◆ **Saved entries**:

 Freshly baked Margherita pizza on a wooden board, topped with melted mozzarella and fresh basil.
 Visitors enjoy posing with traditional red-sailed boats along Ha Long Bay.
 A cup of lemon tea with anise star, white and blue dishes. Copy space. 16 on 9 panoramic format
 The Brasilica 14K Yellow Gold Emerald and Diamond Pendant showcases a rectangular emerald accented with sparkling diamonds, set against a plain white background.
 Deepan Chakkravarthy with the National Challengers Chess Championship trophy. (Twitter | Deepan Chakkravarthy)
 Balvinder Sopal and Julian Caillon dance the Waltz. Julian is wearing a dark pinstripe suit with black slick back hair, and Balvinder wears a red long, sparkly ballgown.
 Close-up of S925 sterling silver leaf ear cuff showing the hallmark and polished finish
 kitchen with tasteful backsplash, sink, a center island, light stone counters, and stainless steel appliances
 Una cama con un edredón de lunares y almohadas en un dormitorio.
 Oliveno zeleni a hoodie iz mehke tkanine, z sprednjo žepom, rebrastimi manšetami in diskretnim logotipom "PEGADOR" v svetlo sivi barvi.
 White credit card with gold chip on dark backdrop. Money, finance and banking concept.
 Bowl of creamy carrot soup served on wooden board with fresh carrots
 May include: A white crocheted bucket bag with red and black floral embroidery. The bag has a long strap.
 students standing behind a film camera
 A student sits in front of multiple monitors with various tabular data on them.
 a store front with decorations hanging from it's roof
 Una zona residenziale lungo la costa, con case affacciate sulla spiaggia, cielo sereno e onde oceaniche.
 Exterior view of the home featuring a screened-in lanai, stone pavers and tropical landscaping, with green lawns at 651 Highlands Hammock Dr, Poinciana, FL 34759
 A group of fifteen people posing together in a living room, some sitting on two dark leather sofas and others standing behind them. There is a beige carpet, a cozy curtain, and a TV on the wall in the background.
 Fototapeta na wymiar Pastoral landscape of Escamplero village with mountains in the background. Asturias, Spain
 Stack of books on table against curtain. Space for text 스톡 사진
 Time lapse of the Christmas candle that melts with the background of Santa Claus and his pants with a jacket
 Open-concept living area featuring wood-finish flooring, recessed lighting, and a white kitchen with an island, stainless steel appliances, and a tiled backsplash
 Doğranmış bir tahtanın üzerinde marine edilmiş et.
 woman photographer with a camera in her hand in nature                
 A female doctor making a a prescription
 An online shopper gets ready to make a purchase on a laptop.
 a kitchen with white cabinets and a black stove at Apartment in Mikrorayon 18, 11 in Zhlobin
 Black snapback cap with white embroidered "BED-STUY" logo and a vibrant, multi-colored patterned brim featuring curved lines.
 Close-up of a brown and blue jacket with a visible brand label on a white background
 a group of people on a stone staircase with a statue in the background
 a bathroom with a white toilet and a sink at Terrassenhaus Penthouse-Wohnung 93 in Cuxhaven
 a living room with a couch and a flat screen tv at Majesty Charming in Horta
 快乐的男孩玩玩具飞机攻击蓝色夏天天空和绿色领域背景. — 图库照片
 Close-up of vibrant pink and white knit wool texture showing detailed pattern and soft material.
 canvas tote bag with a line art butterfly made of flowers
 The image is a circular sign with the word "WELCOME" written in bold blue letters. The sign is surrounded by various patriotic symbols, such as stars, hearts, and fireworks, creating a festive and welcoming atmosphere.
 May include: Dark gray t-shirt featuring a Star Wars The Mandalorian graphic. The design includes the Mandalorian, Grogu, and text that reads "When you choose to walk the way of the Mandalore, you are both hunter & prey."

◆ **Task directions**:
For this task, write out exactly the lines of the entries above, starting at the line with "Bowl of creamy" and ending at the line with "Exterior view of", both included, and no others.

◆ **Solution**:
 Bowl of creamy carrot soup served on wooden board with fresh carrots
 May include: A white crocheted bucket bag with red and black floral embroidery. The bag has a long strap.
 students standing behind a film camera
 A student sits in front of multiple monitors with various tabular data on them.
 a store front with decorations hanging from it's roof
 Una zona residenziale lungo la costa, con case affacciate sulla spiaggia, cielo sereno e onde oceaniche.
 Exterior view of the home featuring a screened-in lanai, stone pavers and tropical landscaping, with green lawns at 651 Highlands Hammock Dr, Poinciana, FL 34759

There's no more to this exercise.